The answer should contain only the lines from the beginning of the entries through the line that holds "Colourful bandhani fabric", given again exactly, with no pictures.

:::

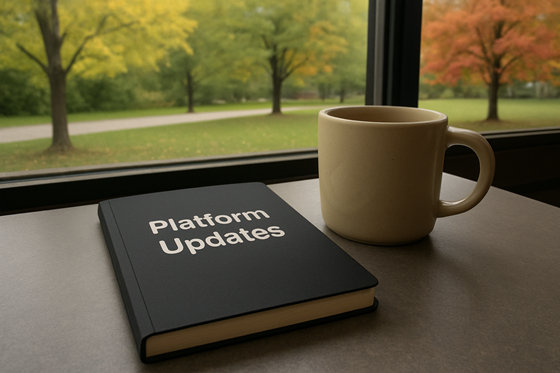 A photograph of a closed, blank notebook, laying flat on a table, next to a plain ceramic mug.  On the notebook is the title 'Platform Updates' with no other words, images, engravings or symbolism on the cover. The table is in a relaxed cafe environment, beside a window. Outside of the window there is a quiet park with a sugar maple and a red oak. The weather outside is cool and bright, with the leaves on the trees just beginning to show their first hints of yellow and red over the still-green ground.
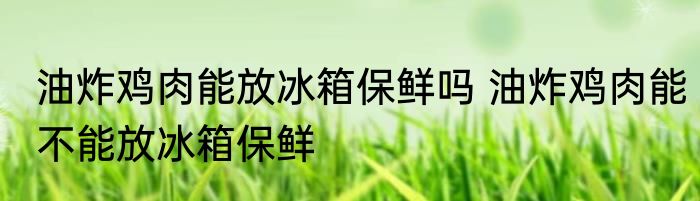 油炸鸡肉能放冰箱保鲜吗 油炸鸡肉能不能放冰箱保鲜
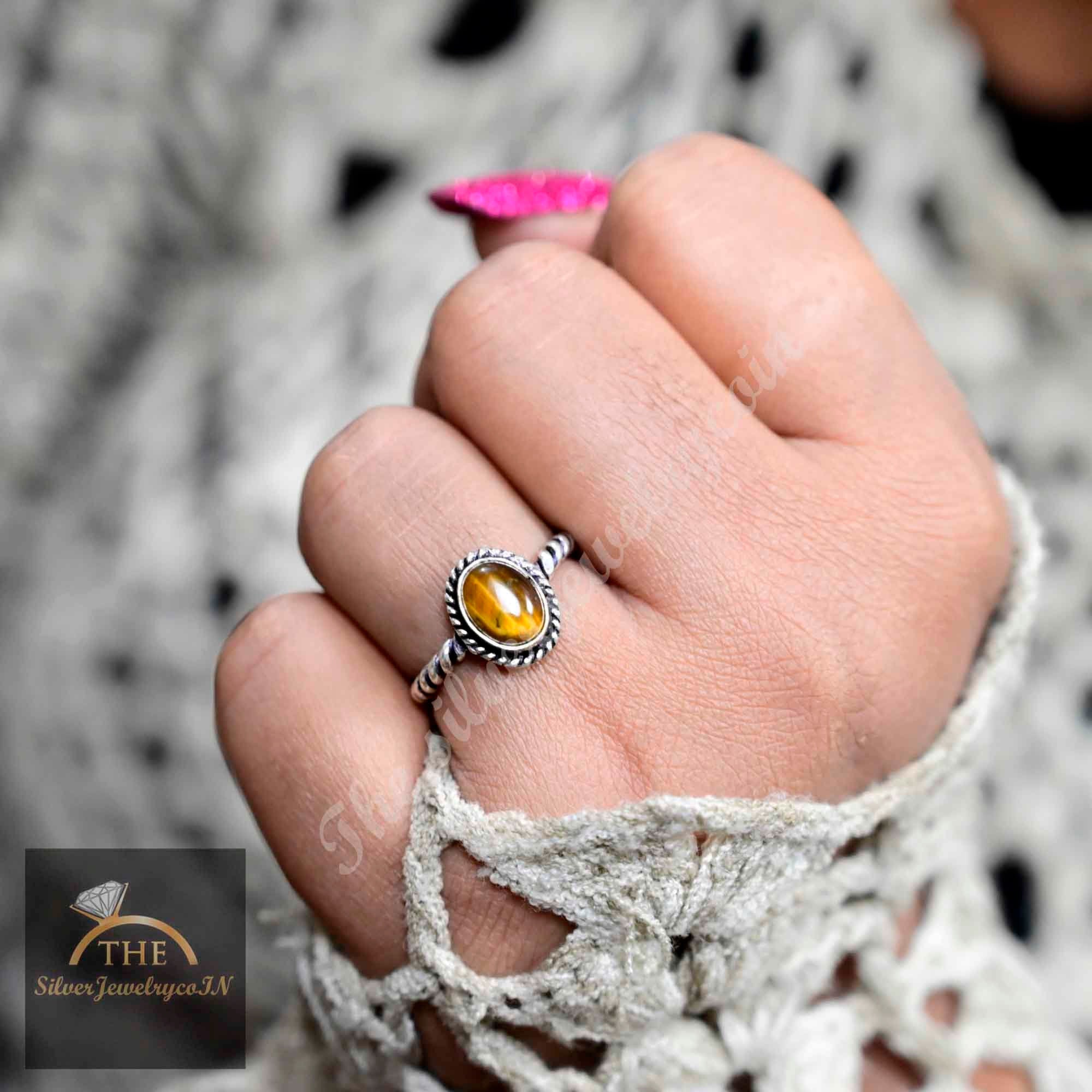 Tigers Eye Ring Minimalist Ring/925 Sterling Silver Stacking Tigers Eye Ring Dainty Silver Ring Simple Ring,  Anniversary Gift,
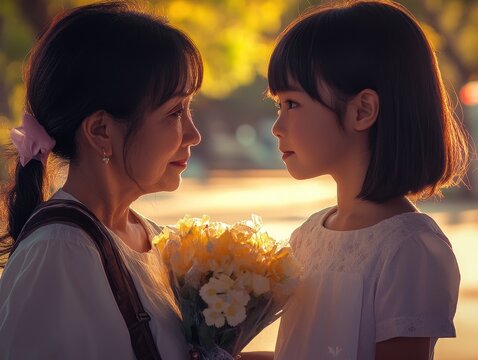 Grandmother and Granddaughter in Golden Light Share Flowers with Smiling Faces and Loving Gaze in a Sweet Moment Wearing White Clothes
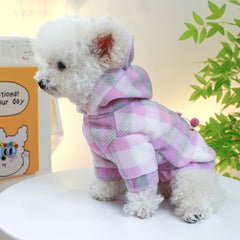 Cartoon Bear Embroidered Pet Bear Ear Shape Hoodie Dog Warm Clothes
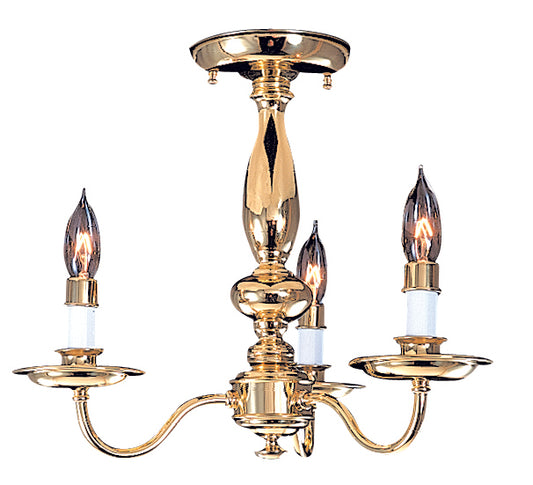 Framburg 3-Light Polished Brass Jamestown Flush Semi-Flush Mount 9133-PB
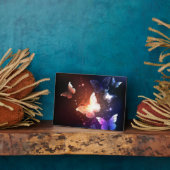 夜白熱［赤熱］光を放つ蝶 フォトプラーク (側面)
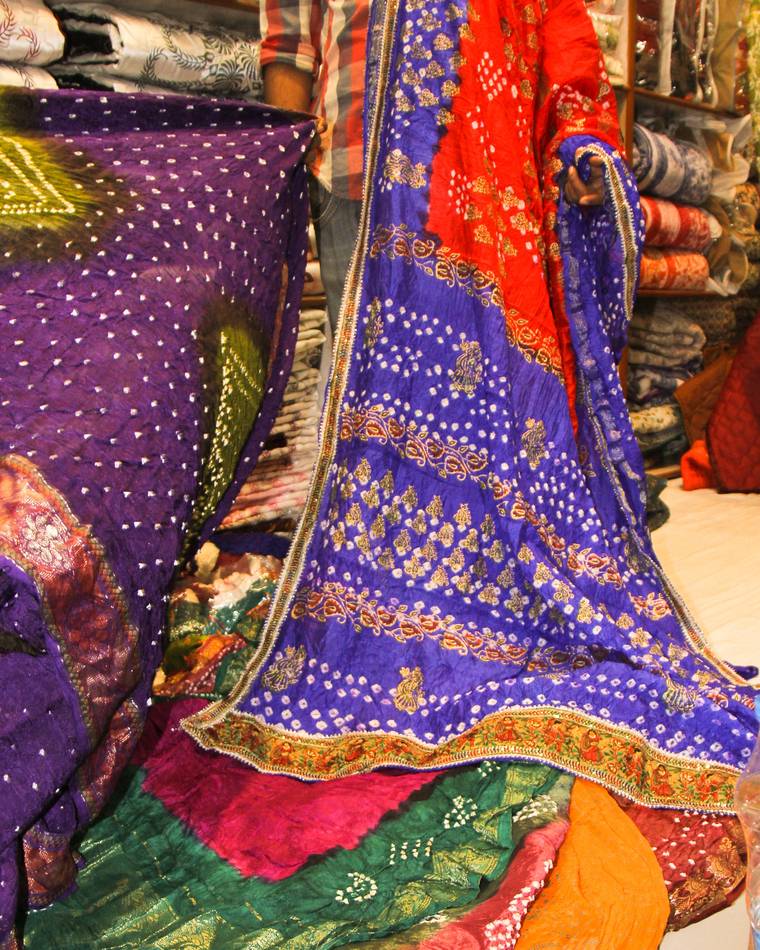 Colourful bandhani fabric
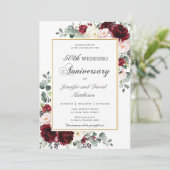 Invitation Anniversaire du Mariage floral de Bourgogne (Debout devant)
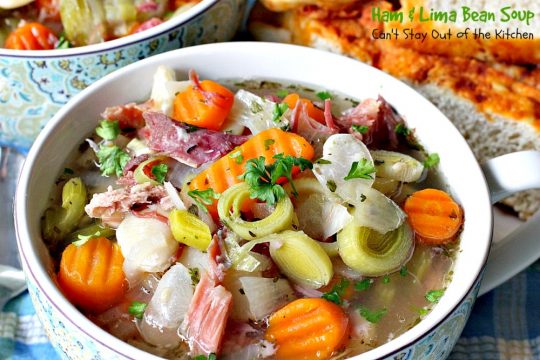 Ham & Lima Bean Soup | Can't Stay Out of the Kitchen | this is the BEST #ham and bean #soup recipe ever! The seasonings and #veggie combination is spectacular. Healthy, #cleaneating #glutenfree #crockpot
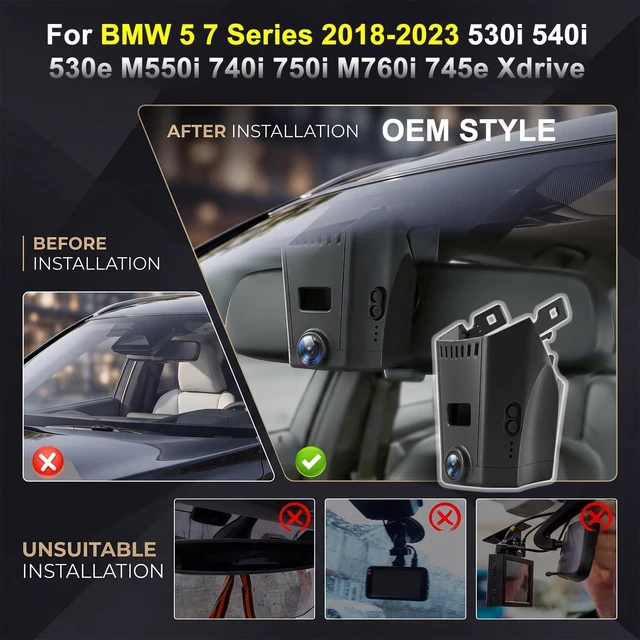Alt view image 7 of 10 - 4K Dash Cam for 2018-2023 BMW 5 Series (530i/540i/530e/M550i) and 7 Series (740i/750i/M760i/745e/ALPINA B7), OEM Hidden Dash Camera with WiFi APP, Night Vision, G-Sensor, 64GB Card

:::

## [Output of the task]
 A photograph of a closed, blank notebook, laying flat on a table, next to a plain ceramic mug.  On the notebook is the title 'Platform Updates' with no other words, images, engravings or symbolism on the cover. The table is in a relaxed cafe environment, beside a window. Outside of the window there is a quiet park with a sugar maple and a red oak. The weather outside is cool and bright, with the leaves on the trees just beginning to show their first hints of yellow and red over the still-green ground.
 油炸鸡肉能放冰箱保鲜吗 油炸鸡肉能不能放冰箱保鲜
 Tigers Eye Ring Minimalist Ring/925 Sterling Silver Stacking Tigers Eye Ring Dainty Silver Ring Simple Ring,  Anniversary Gift,
 Grandmother and Granddaughter in Golden Light Share Flowers with Smiling Faces and Loving Gaze in a Sweet Moment Wearing White Clothes
 Cartoon Bear Embroidered Pet Bear Ear Shape Hoodie Dog Warm Clothes
 Framburg 3-Light Polished Brass Jamestown Flush Semi-Flush Mount 9133-PB
 夜白熱［赤熱］光を放つ蝶 フォトプラーク (側面)
 Colourful bandhani fabric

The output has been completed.